Publié le Mercredi 4 octobre 2017 à 19h47.

La rationalité mortifère de Kim Jong-un

Dans un contexte local et régional qui porte la marque de l’impérialisme US, les choix politiques du régime nord-coréen sont loin d’être irrationnels.

La responsabilité historique de l’impérialisme étatsunien dans la crise coréenne est évidente. La guerre de 1950-1953 n’avait rien à voir avec la défense de la démocratie (le régime pro-US au Sud était une dictature) ou avec le droit des peuples à disposer d’eux-mêmes : il s’agissait de contrer le régime maoïste et d’éviter la victoire d’une authentique révolution coréenne. Washington a toujours refusé de signer un traité de paix avec Pyongyang, même quand le régime nord-coréen était replié sur lui-même (le « royaume ermite »). L’état de guerre a donc été maintenu avec des implications très réelles mentionnées ci-contre.

Des accords diplomatiques limités à la menace directe

Dans le passé (sous Clinton notamment), des accords diplomatiques limités ont prouvé leur efficacité : du type aide énergétique contre gel du programme nucléaire – mais Washington a cessé plus ou moins rapidement de les respecter. Bien des voix autorisées se sont élevées cette année pour enjoindre à Donald Trump d’ouvrir des négociations avec Pyongyang, sans être entendu. La crise coréenne permet aux États-Unis de reprendre l’initiative en Asie orientale, à l’armée US de réclamer une augmentation de son budget et à Trump de faire un peu oublier ses déboires en matière intérieure. Pourquoi s’en priver ?

Le régime nord-coréen vit effectivement sous la menace, et cette menace est aujourd’hui active. Au vu du sort fait à Saddam Hussein en Irak ou à Khadafi en Libye, il est logique que Kim Jong-un ait conclu que les USA ne respectent que les États détenteurs de l’arme nucléaire. Comme maints experts l’ont souligné, les choix de Pyongyang sont rationnels : mais de quelle rationalité parle-t-on ?

Kim Jong-un a réinterprété la conception de la dissuasion nucléaire du faible au fort. Il aurait pu se contenter d’une capacité « dissuasive » ciblant la Corée du Sud et le Japon. Il prétend menacer directement les États-Unis. Malgré les progrès réalisés en ce qui concerne les missiles intercontinentaux, la technicité de la bombe ou la taille des ogives, il reste encore loin du compte. En revanche, il contribue à la relance d’une course générale aux armements (dont font partie les boucliers antimissiles) qui rétablit en permanence la prééminence US et a des conséquences délétères dans le monde entier.

Pacifisme régional

En choisissant l’escalade nucléaire, Kim Jong-un a rejeté une autre voie : mobiliser dans la région les aspirations populaires à la paix contre la politique guerrière des États-Unis.
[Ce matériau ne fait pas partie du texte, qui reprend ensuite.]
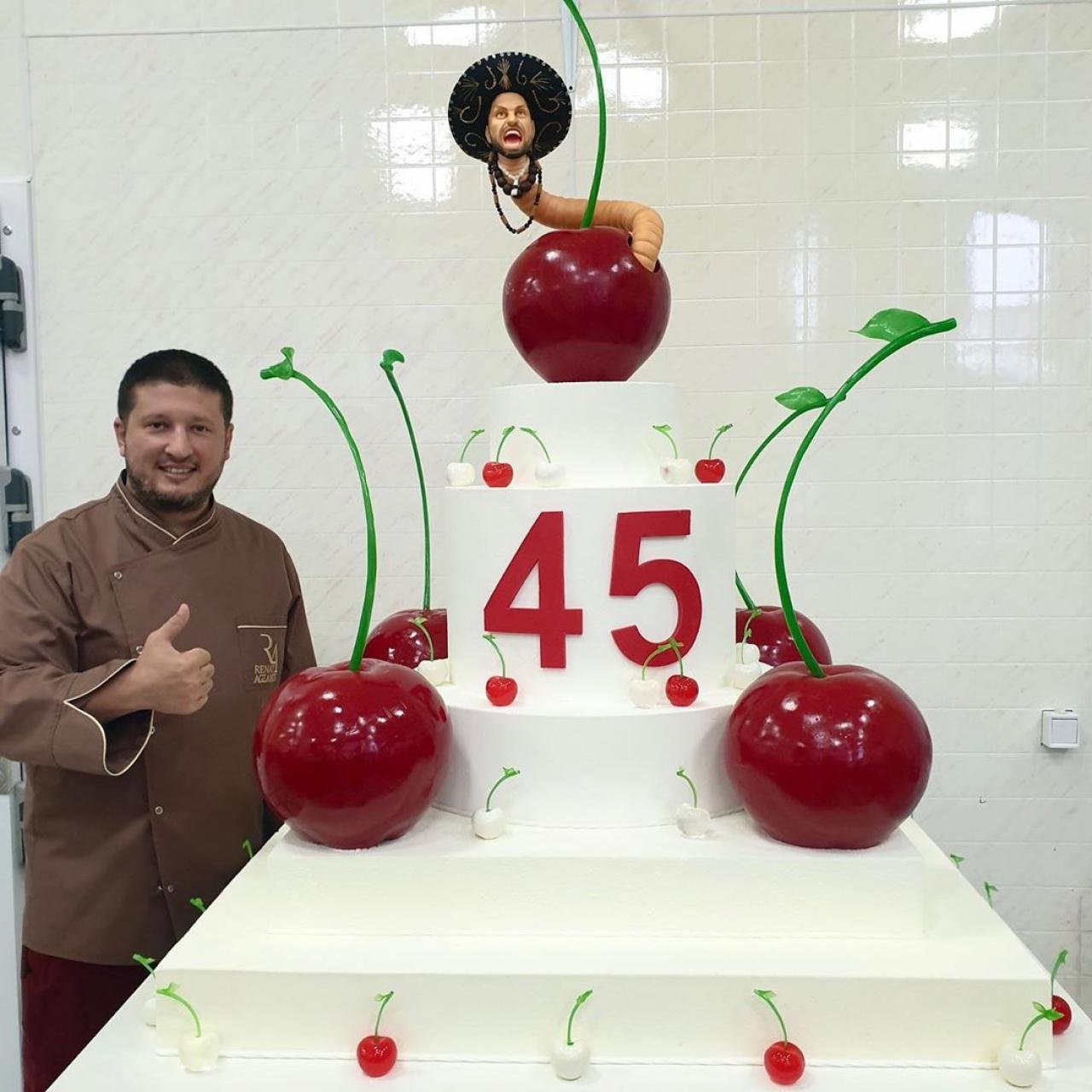 Сюрприз на 45. Ренат Агзамов огромный торт.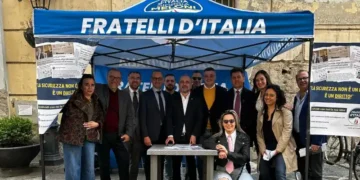 Fratelli d’Italia Caserta: successo per il gazebo sulla sicurezza promosso dal coordinamento cittadino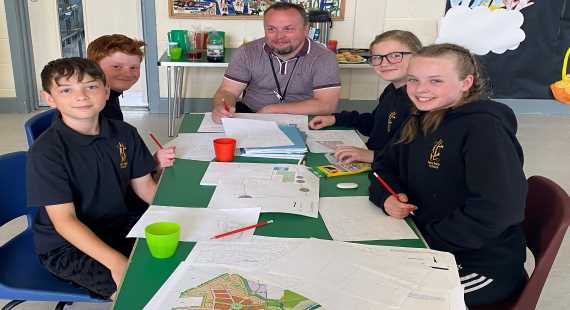 Pear Tree School pupils and Richard Pickup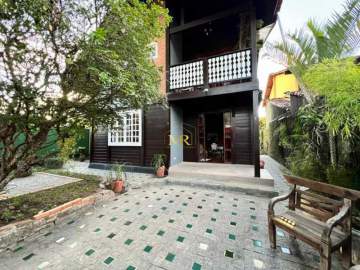 Casa Duplex à Venda - 3 Dormitórios (2 Suítes) - Eldorado, Jacarepaguá - 200 m² com Piscina, Jardim e Vista Panorâmica - DM101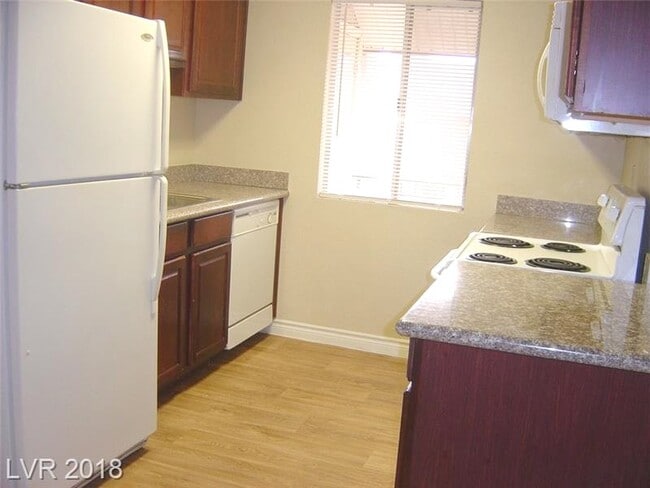 Building Photo - 5314 River Glen Dr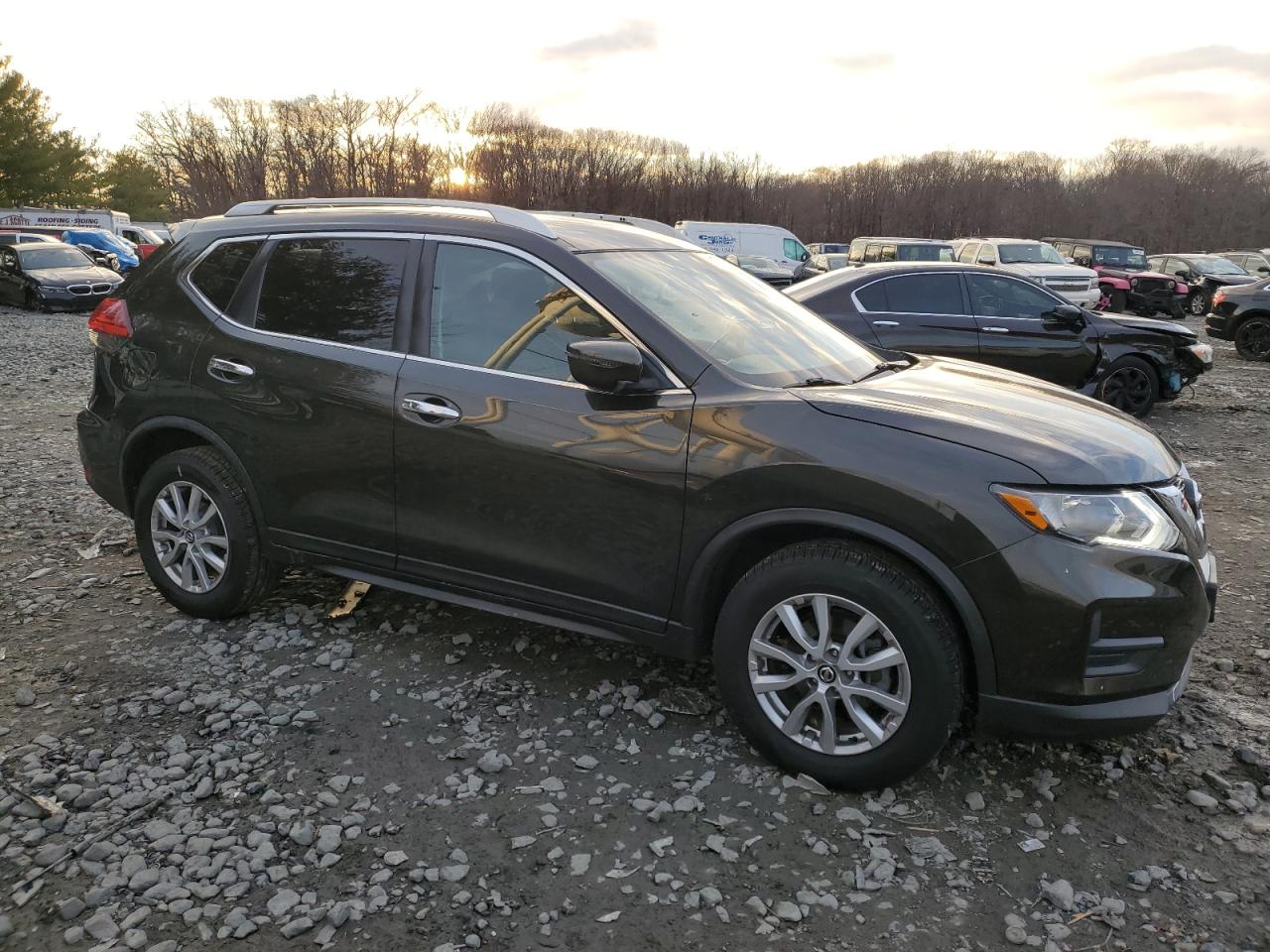 2017 Nissan Rogue VIN KNMAT2MV8HP544438 Copart auction photo, all over damage thumbnail 4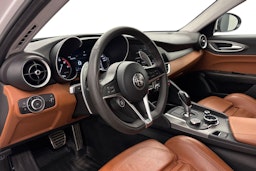 valkoinen Alfa Romeo Giulia 2018 kuva 7.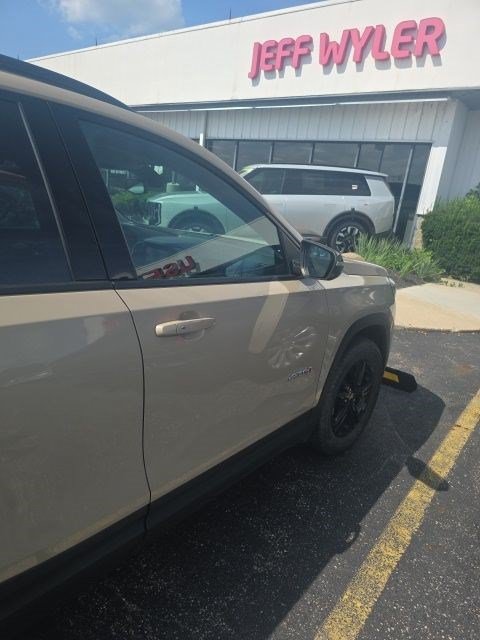 Used 2022 GMC Terrain AT4 w/ Tech Package AWD/4WD image 7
Or, ce choix alternatif était possible et pas simplement juste « en principe ». À preuve, le renversement de la droite revancharde en Corée du Sud et l’élection de Moon Jae-in – ou encore la force profonde du pacifisme japonais ; sans parler de la fragilité de Trump aux USA. Du Pakistan à l’Inde en passant par les Philippines, des mouvements antinucléaires et antiguerre existent qui pouvaient trouver, avec la crise coréenne, un point de convergence.

À l’ONU, 120 États ont adopté cette année un traité d’abolition de l’arme nucléaire. Tous ces combats se poursuivent donc, mais dans des conditions plus difficiles qu’avant la crise coréenne.

La rationalité de la politique de Kim Jong-un renvoie à la nature de son régime autocratique, dynastique, ethnonationaliste. L’idée même d’en appeler à la solidarité internationale, de favoriser le développement de mouvements populaires anti-impérialistes, de construire des alliances diplomatiques, de jouer sur les divisions internes aux États-Unis… lui est visiblement « organiquement » étrangère.

Dénoncer l’interventionnisme US est une chose, voir en Kim Jong-un un héros de la résistance à l’impérialisme en est une autre.